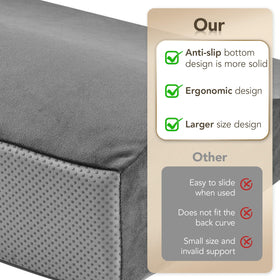 SofGlowly couch cushion enhances TV time, reading, and lounging at home.
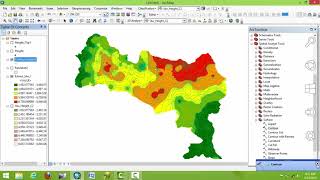 interpolation Analysis Using ArcGIS [upl. by Sirtaeb980]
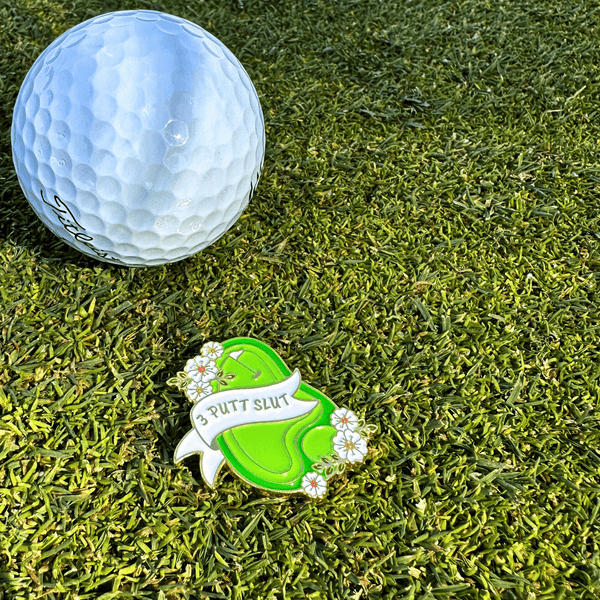 3 Putt Slut Women's Golf Ball Marker with Hat Clip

**PROMPT**: Copy out the data exactly and keep the pictures out.

**WRITTEN REPLY**:
 SofGlowly couch cushion enhances TV time, reading, and lounging at home.
 interpolation Analysis Using ArcGIS [upl. by Sirtaeb980]
 3 Putt Slut Women's Golf Ball Marker with Hat Clip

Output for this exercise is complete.